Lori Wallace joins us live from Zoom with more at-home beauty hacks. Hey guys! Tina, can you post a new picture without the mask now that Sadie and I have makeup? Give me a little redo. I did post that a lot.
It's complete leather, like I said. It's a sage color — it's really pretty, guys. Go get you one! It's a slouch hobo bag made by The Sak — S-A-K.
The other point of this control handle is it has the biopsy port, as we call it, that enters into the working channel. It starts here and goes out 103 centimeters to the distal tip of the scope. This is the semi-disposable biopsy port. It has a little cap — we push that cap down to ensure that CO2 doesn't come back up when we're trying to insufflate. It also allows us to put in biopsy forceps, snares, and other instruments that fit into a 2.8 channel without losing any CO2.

--

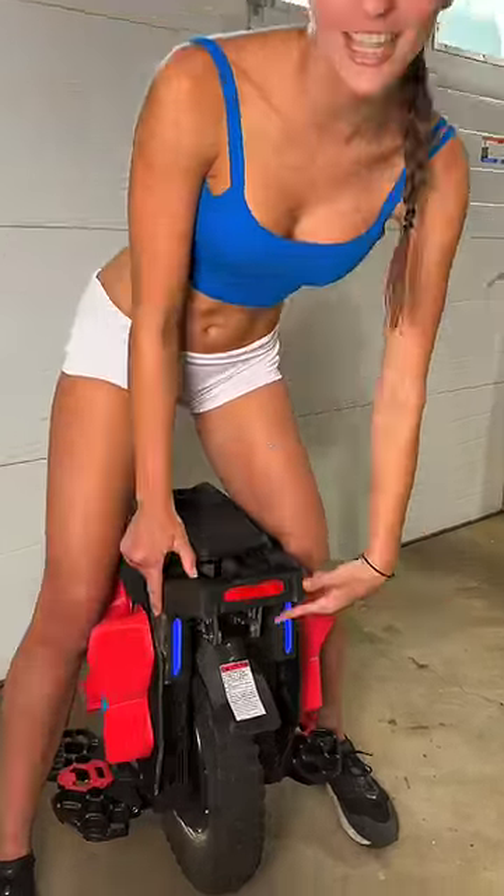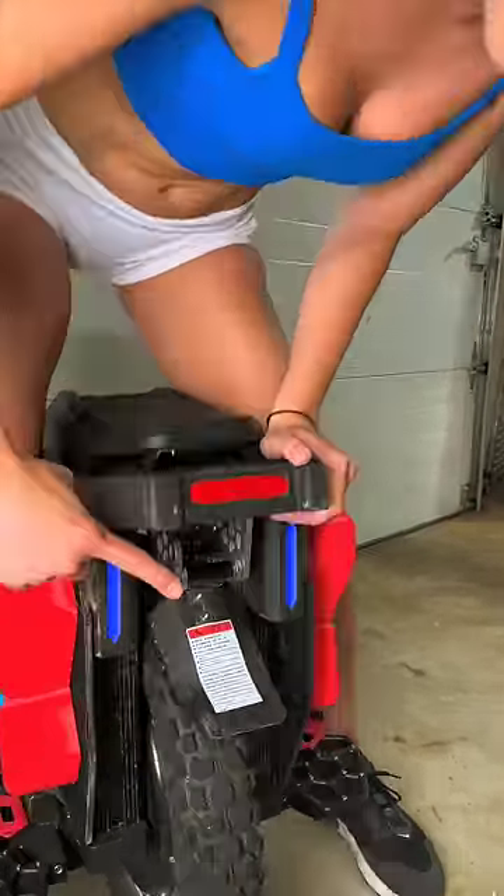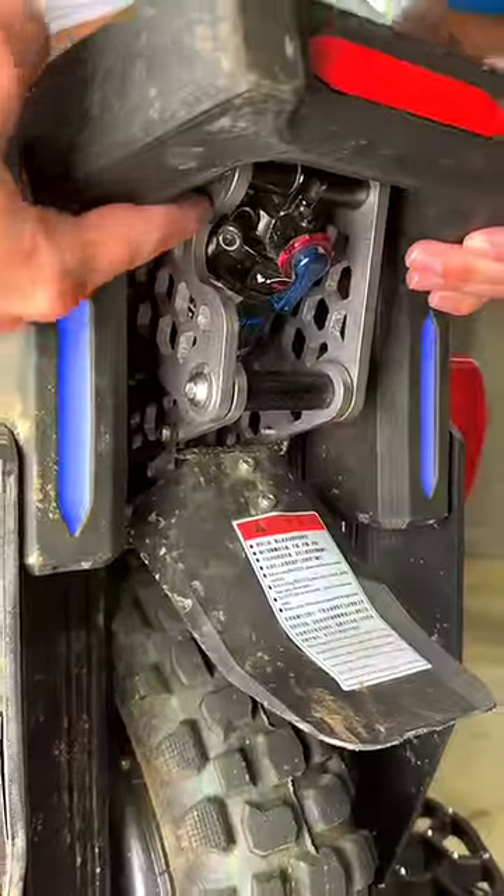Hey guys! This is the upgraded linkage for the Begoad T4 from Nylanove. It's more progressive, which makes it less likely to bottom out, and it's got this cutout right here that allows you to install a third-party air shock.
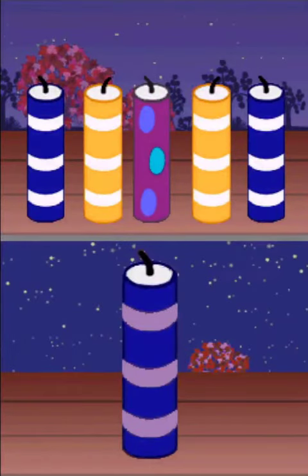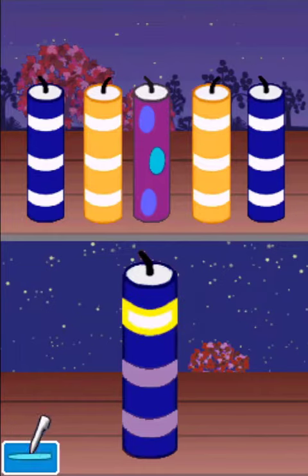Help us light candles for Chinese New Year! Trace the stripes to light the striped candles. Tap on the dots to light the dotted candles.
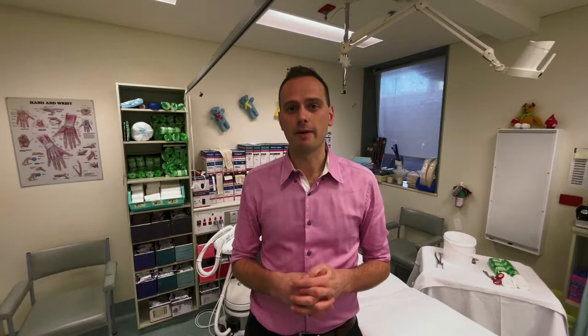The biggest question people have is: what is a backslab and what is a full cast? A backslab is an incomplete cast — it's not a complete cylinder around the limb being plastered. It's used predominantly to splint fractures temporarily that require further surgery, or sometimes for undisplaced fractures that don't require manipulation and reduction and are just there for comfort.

---

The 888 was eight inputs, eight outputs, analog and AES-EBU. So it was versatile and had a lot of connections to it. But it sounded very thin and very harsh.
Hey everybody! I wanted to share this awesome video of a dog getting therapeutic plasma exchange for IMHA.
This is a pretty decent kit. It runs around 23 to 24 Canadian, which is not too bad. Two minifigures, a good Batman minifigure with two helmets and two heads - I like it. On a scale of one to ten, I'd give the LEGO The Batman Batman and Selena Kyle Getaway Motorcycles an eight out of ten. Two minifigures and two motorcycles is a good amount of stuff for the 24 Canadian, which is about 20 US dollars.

ASSIGNMENT: Print exactly the lines of the listing above starting at the line containing "Lori Wallace joins" and ending at the line containing "The other point", both included.

ANSWER BELOW:
Lori Wallace joins us live from Zoom with more at-home beauty hacks. Hey guys! Tina, can you post a new picture without the mask now that Sadie and I have makeup? Give me a little redo. I did post that a lot.
It's complete leather, like I said. It's a sage color — it's really pretty, guys. Go get you one! It's a slouch hobo bag made by The Sak — S-A-K.
The other point of this control handle is it has the biopsy port, as we call it, that enters into the working channel. It starts here and goes out 103 centimeters to the distal tip of the scope. This is the semi-disposable biopsy port. It has a little cap — we push that cap down to ensure that CO2 doesn't come back up when we're trying to insufflate. It also allows us to put in biopsy forceps, snares, and other instruments that fit into a 2.8 channel without losing any CO2.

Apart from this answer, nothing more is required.